Information supplied =>
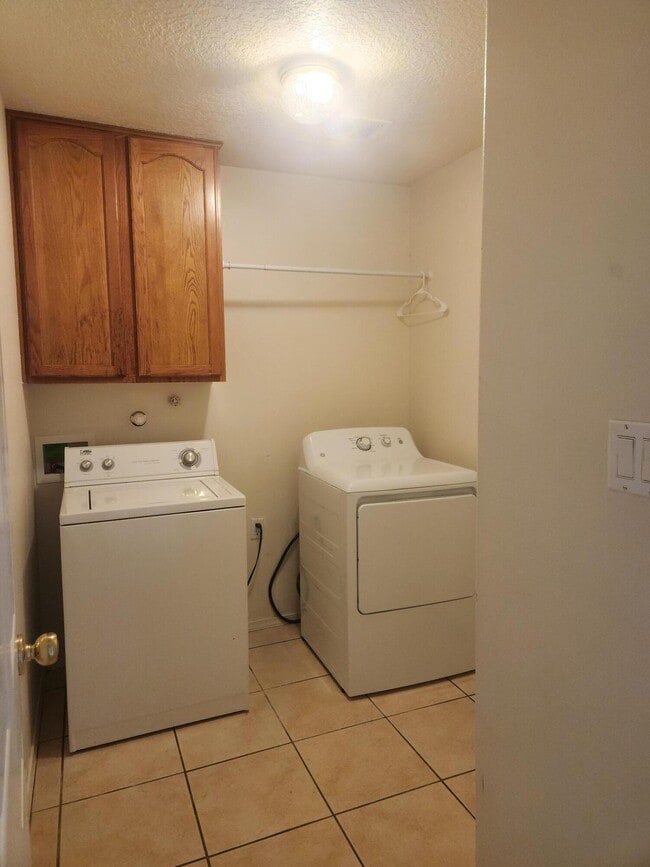 4808 Stafford Pl NW in Albuquerque, NM - Building Photo - Building Photo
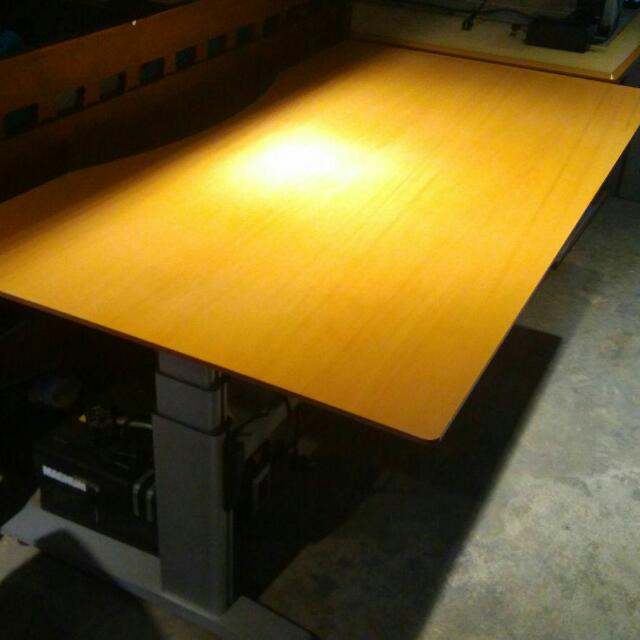 Designer SSD Electric Standing / Sit Office Table, Furniture & Home ...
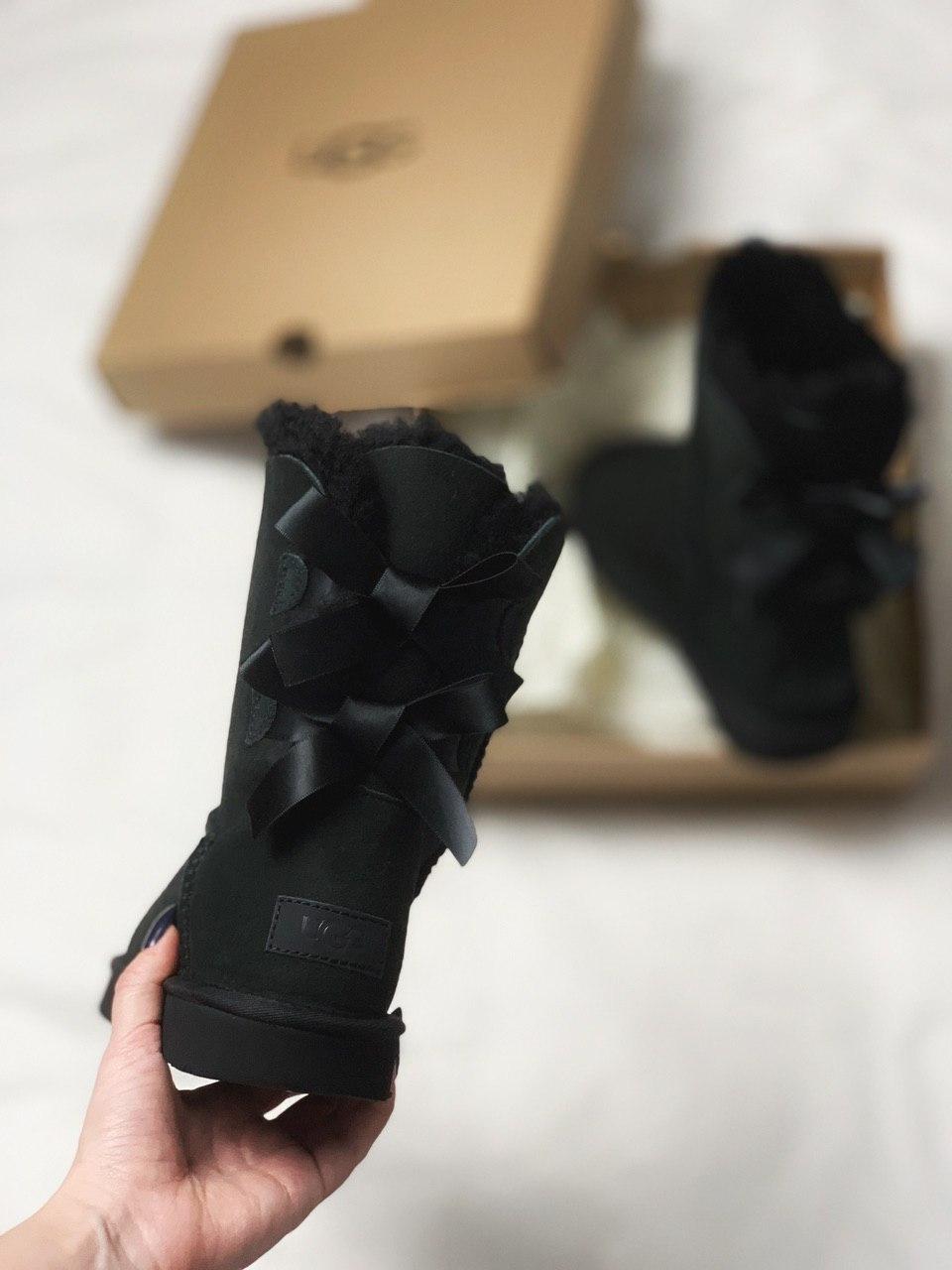 UGG Short Bailey Bow Black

Exercise => All of the data is to be returned exactly, with no pictures included.

Task output =>
 4808 Stafford Pl NW in Albuquerque, NM - Building Photo - Building Photo
 Designer SSD Electric Standing / Sit Office Table, Furniture & Home ...
 UGG Short Bailey Bow Black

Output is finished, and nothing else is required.